During Japan’s Edo era many such ghosts were female. Although ghosts and ghost stories had been part of Japanese culture for centuries, it was in the Edo era that strong interest in the supernatural was revived. This may have been because this long era in Japanese history was one of social upheaval in which creation of class structures imposed severe restrictions on common people. Perhaps the reemergence of a panoply of supernatural phenomena, including ghosts, demons, and changeling animals reflected the unrest within society. Or perhaps it was simply an age that craved the thrilling and the mysterious. Especially exciting was the idea of a wrathful female ghost returning to exact vengeance for former mistreatment.

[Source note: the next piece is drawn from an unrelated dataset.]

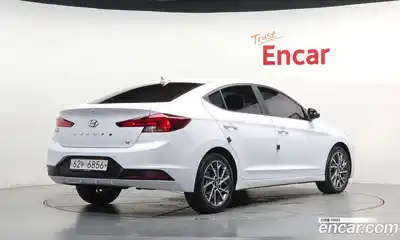 Hyundai Avante 2018 1.6 автомат (гидро), миниатюра 2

Edo era artists typically rendered the female ghost as a fragile form with long, flowing hair and beckoning hands. Dressed in pale or white clothing, the body below the waist tapered into nothingness. Japanese people today still imagine ghosts as lacking feet, and having arms that are bent upward at the elbow, with hands hanging pathetically down from the wrists. In tales from this period, the extent of suffering a person experienced while alive directly influenced the actions of the s
pirit after death: a wronged woman could return as a particularly nasty ghost. A range of ghostly female emotions is showcased in the Ugetsu Monogatari (Tales of Moonlight and Rain), compiled by the writer Ueda Akinari (1734–1809).

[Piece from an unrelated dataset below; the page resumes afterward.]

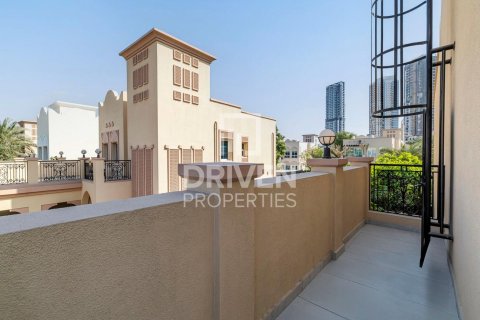 Вилла с 4 спальнями в Al Barsha South, ОАЭ №138227 27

Nor was the ghostly world populated only by females. Male ghosts, too, had their place, and indeed, were among the most popular characters in kabuki theater, which allowed for superb dramatic effects when a ghost came on stage. Kabuki convention dictated that the ghost’s face be pale blue, with eyebrows brushed in silver and lips smudged blue or black. As befitted a wandering spirit, the hair was disheveled, hanging loose around the shoulders. The popular art of ukiyo-e, another Edo-era creation, also depicted ghostly beings, with one of the best-known being Utagawa’s print of the ghost of Sakura Sogoro, the hero of the kabuki play, Sakura Giminden (Legend of Sakura, a Man of Justice). Often grisly in their details, kabuki ghost plays like this nonetheless were meant to convey the sense that evil inevitably gets its comeuppance. There was eventual balm for even the most grotesque suffering and bloody violence, and justice would finally prevail.

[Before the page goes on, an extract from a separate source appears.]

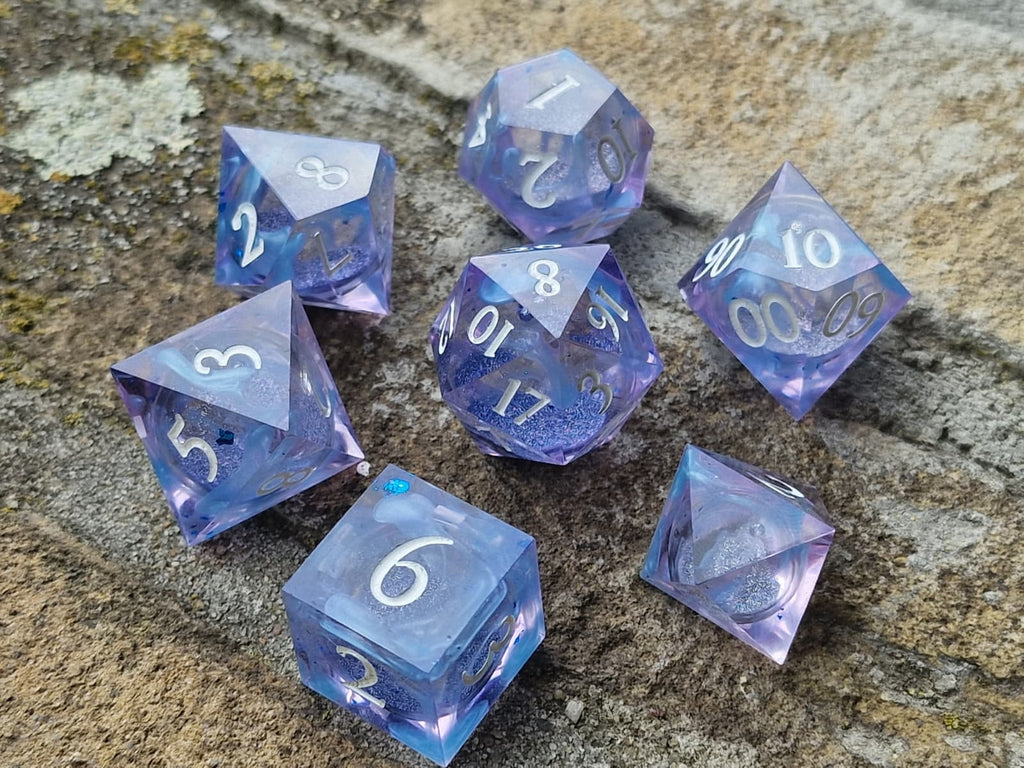 Premium Dice Blue Lavender – Liquid Core Dobbelstenenset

In addition to ghosts there are yokai, or obake (monsters). Yokai stories are found everywhere in Japan, with different regions having their own versions of the same story line. Yokai do not arise spontaneously, but are shapes reflected in the mirror of the deepest psyche. They thus show all the bad deeds of which human beings are capable of doing. They are the dark side of our nature, manifestations of our worst imaginings and fears. Forever lurking in the deepest recesses of our minds, yokai are always seeking the chance to surface. Extraordinary shape-shifters, they can change their form into anything they want, anytime. The childhood bogeyman, the monster of the dark, the dreadful shape that looms in the corner, all these are ages-old reminders of our murky past and the part of ourselves we would prefer not to face. At the appropriate time and place, yokai appear once more, terrifying in intensity and malevolent will. Alongside a lonely rice field. In the forest at night. Out of the whirling snow.